USPS estimates 7,400 employees may take buyout offers
Thousands of postmasters and full-time mail handlers have taken the first step toward accepting buyout and early retirement offers from the U.S. Postal Service, as the agency attempts to reduce its ranks through attrition to restore it to solvency.
According to USPS spokesman Mark Saunders, as many as 7,400 postmasters and full-time mail carriers signed up for the offers by the July 2 deadline. While these employees can still change their minds, USPS estimates between 3,800 and 4,200 postmasters will take the $20,000 buyout incentive available to them, and 2,800 to 3,200 full-time mail handlers are expected to take a $15,000 buyout.
USPS previously announced plans to whittle down its workforce to help generate about $500 million in savings, mostly through attrition and through the separation incentives it has offered to its 21,000 postmasters and its 43,000 full-time mail handlers.

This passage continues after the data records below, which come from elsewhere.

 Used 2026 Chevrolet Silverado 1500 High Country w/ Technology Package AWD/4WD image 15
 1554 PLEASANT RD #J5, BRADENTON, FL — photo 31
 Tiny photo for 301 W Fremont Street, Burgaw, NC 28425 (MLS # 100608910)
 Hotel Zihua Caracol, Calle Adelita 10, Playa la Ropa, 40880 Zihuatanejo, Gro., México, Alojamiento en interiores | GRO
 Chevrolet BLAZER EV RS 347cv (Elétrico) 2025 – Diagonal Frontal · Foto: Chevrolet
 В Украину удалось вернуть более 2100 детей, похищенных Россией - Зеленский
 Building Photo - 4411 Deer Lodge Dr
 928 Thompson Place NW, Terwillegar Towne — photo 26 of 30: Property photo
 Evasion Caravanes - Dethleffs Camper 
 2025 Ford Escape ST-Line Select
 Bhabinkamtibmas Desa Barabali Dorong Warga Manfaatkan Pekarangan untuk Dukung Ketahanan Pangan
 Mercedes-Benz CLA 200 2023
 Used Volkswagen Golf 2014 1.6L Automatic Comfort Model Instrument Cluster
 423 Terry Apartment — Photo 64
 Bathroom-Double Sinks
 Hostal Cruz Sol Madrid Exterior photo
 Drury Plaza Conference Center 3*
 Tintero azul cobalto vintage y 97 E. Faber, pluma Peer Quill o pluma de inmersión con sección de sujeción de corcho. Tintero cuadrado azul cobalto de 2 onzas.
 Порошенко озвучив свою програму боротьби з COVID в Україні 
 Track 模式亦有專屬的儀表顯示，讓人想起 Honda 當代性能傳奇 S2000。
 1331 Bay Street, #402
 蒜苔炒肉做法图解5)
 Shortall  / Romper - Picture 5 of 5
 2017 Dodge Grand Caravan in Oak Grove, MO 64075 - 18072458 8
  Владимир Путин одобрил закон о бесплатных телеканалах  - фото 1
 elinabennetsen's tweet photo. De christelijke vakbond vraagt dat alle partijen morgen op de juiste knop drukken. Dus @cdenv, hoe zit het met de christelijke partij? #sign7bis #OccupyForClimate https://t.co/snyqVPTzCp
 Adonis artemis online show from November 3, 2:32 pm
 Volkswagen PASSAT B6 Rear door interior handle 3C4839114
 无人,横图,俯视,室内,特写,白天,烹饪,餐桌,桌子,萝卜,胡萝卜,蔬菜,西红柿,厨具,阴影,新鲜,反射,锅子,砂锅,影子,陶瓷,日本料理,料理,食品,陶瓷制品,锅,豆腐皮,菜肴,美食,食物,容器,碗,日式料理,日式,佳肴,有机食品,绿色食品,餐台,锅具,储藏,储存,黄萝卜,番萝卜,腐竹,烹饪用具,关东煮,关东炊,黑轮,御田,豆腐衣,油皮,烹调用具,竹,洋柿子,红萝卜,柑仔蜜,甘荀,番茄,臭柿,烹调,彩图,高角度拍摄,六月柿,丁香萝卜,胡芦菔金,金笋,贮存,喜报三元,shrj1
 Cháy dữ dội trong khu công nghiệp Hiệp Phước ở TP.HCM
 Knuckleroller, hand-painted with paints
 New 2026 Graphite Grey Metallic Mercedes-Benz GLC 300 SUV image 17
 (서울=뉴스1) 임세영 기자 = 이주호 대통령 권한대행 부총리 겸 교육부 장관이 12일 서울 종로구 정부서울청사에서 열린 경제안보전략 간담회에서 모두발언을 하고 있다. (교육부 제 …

Full-time career employees who take the buyout will receive half their payment at the end of 2012 and the other half in 2013. USPS officials have said the agency will work with employees who take buyouts and are interested in other opportunities within the Postal Service. There are no plans for layoffs.
The agency also is offering part-time retirement programs to early retirees, a plan the American Postal Workers Union recently criticized. The union claims that reducing hours and switching career postmasters to noncareer, postmaster relief positions violates the terms of a collective bargaining agreement.
USPS plans to reduce hours at approximately 13,000 rural post offices. Postmasters at those locations would switch to part-time work, with moderated or no benefits as noncareer postmaster reliefs. USPS disputes that this change would violate the collective bargaining agreement.
The Postal Regulatory Commission will hold a special meeting July 11 to consider USPS’ plan for adjusting its retail network and hours. It previously requested additional details on the data used to develop the plan. Jeffrey Day, a manager at agency’s office of delivery and operations will testify. The commission recently denied a motion from APWU requesting an emergency order halting plans to reduce hours.
“The potential harm to the Postal Service from a preliminary injunction outweighs the potential harm to mailers from not issuing a preliminary injunction,” the commission’s ruling stated.